Q: Who gave permission to access my property to prune my tree’s? How much will this cost?
A: Most power lines have an easement that allows the Utility access for maintenance of trees when necessary. Regardless of easement, the utility provides a public service and is required by law to provide electricity to everyone. This sometimes requires us to prune or remove trees even if they are located on private property. You will not be billed for this free service.
Q: Will brush and tree limbs be left in my yard?
A: All brush will be chipped and the area left clean. If larger limbs or trees are removed they are cut into manageable lengths and stacked.

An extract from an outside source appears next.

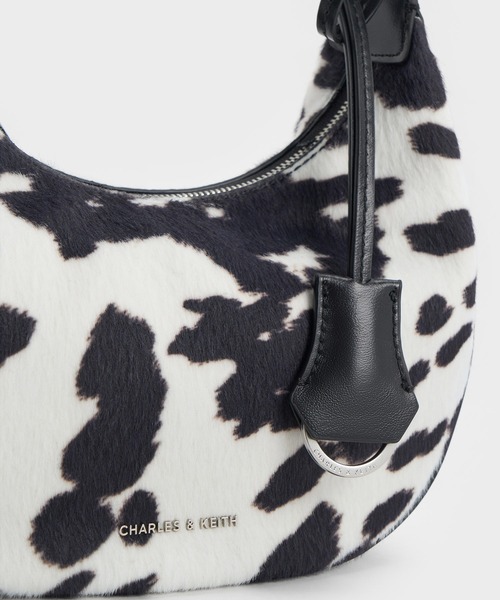 CHARLES & KEITH(チャールズ & キース)の「Vega ベガ ファーリー カウプリント ホーボーバッグ(ショルダーバッグ・レディース・マルチ・S)」の3枚目の写真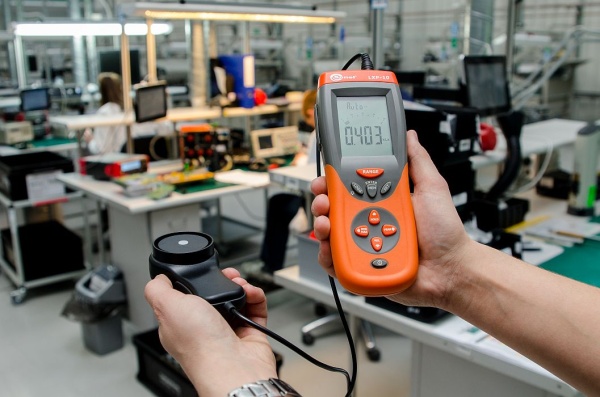 LXP-10B – Измеритель освещенности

Q: Can I hire someone else to do this tree trimming?
A: No. Nelson Tree Crews are line clearance professionals and are contracted by the power company. Most tree trimming companies are not trained for power line clearance jobs.

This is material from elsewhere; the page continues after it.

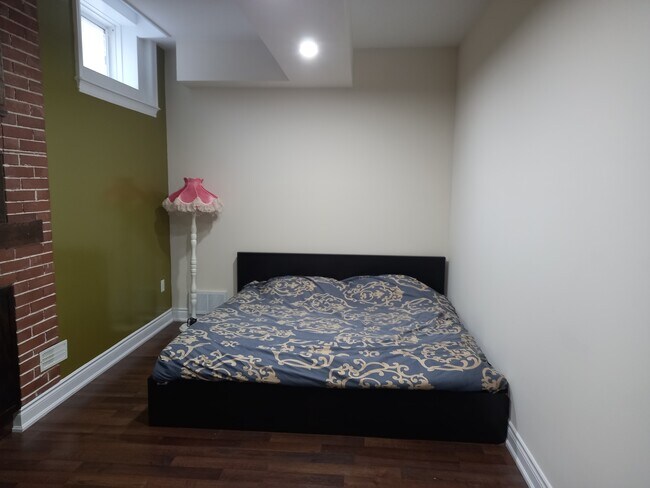 Building Photo - 207 Canyon Hill Av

Q: Why was my tree cut back further from the power line than my neighbors?
A: Different species of trees grow at different rates. Your tree was most likely a fast growing species, while your neighbors was a slow growing species. In order to meet the projected growing cycle of the power company fast growing species are trimmed back further.
Q: Why does it seem like your employees do a lot of standing around?

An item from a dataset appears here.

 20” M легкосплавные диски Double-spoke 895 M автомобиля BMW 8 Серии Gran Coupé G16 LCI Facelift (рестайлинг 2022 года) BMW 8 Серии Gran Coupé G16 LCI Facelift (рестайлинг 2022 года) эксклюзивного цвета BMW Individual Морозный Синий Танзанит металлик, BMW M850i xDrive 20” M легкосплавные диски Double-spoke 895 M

A: Tree clearance around power lines is dangerous work. Our crews are trained and required by OSHA to spend a reasonable amount of time discussing a job before beginning. This assures that all proper safety precautions are taken to protect the crew and the public. Crews may need to reassess the job as it progresses.
Q: What can I do to ensure power line safety on my property?
A: There are a few common sense things a homeowner can do to ensure power line safety. Do not place tree houses or play equipment near power lines. Keep children away from electrical equipment. If a power line does come down keep everyone away and contact the power company or call 911 immediately.
Q: How often do you prune the trees?
A: Most utilities plan their pruning on a regular cycle. These cycles vary depending on location, weather, tree growth rates and overall conditions around power lines. Pruning may be done more often in areas with longer growing seasons. Cycles may run anywhere from 1 to 6 years.
Q: What are the guidelines for planting trees near areas with power lines?
A: When planting trees make sure you allow ample room for the mature growth of the tree so that it won’t come into contact with power lines. Consult with a nursery expert to help determine the mature size of the tree you are planting.
Q: Can you top or prune the whole tree to give it a better shape?
A: Topping or rounding over is bad for the tree, often causing rapid growth back toward the power lines. We only prune the part of the tree that could affect the power lines.